Ted Wilm is closing in on four decades at PricewaterhouseCoopers LLP, the New York-based Big Four accounting firm with a significant stake in Orange County. The local office in Irvine employs 375—making PwC one of the Big Four in OC as well.
The time and the talent has naturally entwined to illustrate some serious maxims on serving clients. Maybe not at the Marcus Aurelius mountaintop level but in the same neighborhood, amid the focused context of professional services work.
He offers the well-worn line about a firm being a family—in this case, “PwC Orange County.” But he fleshes that ethos out in the next breath.
“As a family we take care of those around us,” he told the Business Journal. “Those we love, those we work with, those we serve as clients, and those in our community.”
Treasure Maps
So add serving OC to serving PwC clients and add treasure to the time and talents Wilm’s office deploys to do so.
PwC’s work in these realms brought it recognition as the large local workforce honoree in the Civic 50 listing this year, the third annual compilation (see page 31, and related stories in this issue and Special Report).
It’s a philosophy backed by commitment and execution.
Internationally, PwC is based in London, with annual revenue eclipsing $41 billion and a global workforce topping a quarter of a million. At such size, civic initiatives begin under the corporate umbrella.
From 2013 to 2017, the bean-counting behemoth branded their worldwide effort Earn Your Future, and played to its strengths in financial literacy, bringing those skills to those who otherwise might not learn.
Big Waves
Then in more well-worn and quite welcome fashion, it put its money where its mouth was, making its next five-year foray, now underway, a $320 million push, Access Your Potential, to cultivate tech-savvy in 10 million students.
The overall effort looks to enhance the ever-in-development “diverse, tech-skilled workforce” as the company puts it—and this will surely benefit the firm and its clients down the line, as well as the broader economy.
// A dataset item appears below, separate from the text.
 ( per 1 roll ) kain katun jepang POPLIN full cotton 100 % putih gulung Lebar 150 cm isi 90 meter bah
Initiatives include providing teachers a smartphone app to assess digital knowledge; a robot that travels to schools to show how technology can be used in daily life; and free, open-sourced curriculum on coding, data analytics and, once again, financial skills.
Local Motions
PwC-OC helps move these global glacial efforts into specific local opportunities for involvement. An internal team reviews volunteer options. The company starts new employees with a $25 giving credit they can direct to a favorite charity; 95% do so, and 60% come back with more contributions of their own through the firm’s giving program.
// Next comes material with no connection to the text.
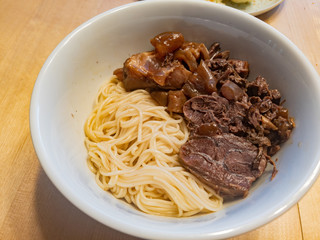 Close up of Chinese style braised beef noodle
“Put your heart into it, your head will follow, and great things will happen,” Wilm said. “Doing good for others is a contagiously, wonderfully warm feeling.”
The OC office gave more than 7,000 volunteer hours in 2018 with more than half of office staff involved in some way. It values that time at about $1.75 million.
A local favorite of the staff is Big Brothers Big Sisters of Orange County & the Inland Empire, in Santa Ana, with $7 million in local revenue and 3,200 volunteers.
A PwC-OC partner, Gary Wilson, has been on its board for a decade and office staff hosts “Big for a Day” events, for subjects that have included, yep—financial literacy.
“Someone likely helped each of us along the way,” Wilm said.
“Make a difference … in someone else’s life,” he said. “You will love the feeling.”